_EXERCISE BRIEF:_ From the data that follows, copy every line with the string "ceiling".

_ _ _

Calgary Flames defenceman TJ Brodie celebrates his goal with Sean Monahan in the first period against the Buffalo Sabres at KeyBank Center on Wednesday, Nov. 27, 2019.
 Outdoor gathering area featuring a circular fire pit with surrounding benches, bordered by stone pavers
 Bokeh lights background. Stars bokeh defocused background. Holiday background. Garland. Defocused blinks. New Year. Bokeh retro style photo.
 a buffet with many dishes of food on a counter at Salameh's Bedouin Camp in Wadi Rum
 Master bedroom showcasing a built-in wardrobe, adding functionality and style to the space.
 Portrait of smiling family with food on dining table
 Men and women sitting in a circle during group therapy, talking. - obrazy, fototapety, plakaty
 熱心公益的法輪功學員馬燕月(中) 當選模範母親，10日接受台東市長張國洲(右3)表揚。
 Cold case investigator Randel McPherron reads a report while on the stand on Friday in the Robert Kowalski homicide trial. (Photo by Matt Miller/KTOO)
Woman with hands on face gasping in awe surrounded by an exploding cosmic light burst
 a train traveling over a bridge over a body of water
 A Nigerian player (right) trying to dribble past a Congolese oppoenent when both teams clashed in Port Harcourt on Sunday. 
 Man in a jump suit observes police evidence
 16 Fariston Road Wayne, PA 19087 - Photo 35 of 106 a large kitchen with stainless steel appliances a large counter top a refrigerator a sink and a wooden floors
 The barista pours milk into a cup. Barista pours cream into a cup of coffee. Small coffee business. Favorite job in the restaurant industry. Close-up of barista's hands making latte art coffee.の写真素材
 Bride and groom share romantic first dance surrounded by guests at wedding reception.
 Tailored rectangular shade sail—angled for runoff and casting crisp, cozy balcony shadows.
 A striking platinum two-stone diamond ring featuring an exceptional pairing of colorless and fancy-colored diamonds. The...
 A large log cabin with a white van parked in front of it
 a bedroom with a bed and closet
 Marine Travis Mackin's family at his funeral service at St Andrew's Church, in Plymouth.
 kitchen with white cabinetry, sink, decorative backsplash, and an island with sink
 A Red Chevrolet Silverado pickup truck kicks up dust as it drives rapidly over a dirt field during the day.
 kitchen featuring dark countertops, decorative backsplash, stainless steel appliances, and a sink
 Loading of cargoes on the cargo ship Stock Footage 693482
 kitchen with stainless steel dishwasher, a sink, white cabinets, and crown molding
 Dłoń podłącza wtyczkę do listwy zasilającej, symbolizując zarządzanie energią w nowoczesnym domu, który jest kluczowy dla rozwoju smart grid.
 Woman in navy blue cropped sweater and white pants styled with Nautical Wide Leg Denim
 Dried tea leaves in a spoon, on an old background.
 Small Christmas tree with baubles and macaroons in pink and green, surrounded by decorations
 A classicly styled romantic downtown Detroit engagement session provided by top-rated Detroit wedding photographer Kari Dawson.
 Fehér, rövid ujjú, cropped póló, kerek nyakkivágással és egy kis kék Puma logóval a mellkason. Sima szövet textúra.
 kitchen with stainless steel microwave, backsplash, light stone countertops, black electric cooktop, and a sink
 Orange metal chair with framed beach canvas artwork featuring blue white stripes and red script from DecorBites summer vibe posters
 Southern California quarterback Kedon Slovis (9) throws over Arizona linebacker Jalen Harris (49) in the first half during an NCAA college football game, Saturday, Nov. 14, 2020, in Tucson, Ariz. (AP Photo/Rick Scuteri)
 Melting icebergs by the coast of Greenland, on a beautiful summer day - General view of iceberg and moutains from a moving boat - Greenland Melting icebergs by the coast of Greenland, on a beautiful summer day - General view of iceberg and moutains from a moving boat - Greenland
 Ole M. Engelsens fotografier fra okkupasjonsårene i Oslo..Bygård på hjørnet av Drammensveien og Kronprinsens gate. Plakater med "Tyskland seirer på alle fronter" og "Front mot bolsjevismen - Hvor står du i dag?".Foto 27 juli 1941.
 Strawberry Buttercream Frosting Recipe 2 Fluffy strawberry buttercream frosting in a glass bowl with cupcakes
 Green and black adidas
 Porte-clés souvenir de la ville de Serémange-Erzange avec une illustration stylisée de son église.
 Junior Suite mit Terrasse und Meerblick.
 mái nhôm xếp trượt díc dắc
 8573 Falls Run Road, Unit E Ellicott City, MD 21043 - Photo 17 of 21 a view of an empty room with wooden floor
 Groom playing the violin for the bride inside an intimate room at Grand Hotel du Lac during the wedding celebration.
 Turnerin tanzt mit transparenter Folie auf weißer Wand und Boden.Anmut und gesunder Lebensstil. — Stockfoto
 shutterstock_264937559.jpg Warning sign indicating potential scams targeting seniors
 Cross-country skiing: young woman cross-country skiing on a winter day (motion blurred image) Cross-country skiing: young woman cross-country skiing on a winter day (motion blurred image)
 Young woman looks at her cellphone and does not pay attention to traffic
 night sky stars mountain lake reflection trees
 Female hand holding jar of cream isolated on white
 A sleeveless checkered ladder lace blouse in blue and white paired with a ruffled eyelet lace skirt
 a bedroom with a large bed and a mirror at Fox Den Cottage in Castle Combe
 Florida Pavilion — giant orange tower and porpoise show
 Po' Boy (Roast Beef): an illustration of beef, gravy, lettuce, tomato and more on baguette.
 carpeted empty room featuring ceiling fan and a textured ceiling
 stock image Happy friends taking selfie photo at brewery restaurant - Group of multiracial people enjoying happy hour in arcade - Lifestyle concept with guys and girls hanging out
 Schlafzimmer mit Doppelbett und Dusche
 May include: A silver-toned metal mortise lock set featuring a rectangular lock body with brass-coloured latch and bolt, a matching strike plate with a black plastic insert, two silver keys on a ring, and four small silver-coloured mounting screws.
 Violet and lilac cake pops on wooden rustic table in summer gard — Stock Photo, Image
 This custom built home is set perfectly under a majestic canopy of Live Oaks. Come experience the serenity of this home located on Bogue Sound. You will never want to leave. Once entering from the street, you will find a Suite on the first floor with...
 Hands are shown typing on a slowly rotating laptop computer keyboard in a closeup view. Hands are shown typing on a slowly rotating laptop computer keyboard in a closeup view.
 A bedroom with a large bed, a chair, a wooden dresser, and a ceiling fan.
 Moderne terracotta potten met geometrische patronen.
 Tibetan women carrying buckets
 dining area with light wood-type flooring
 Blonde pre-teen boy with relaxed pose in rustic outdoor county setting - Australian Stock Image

_ _ _

_RESULT OF THE TASK:_
 carpeted empty room featuring ceiling fan and a textured ceiling
 A bedroom with a large bed, a chair, a wooden dresser, and a ceiling fan.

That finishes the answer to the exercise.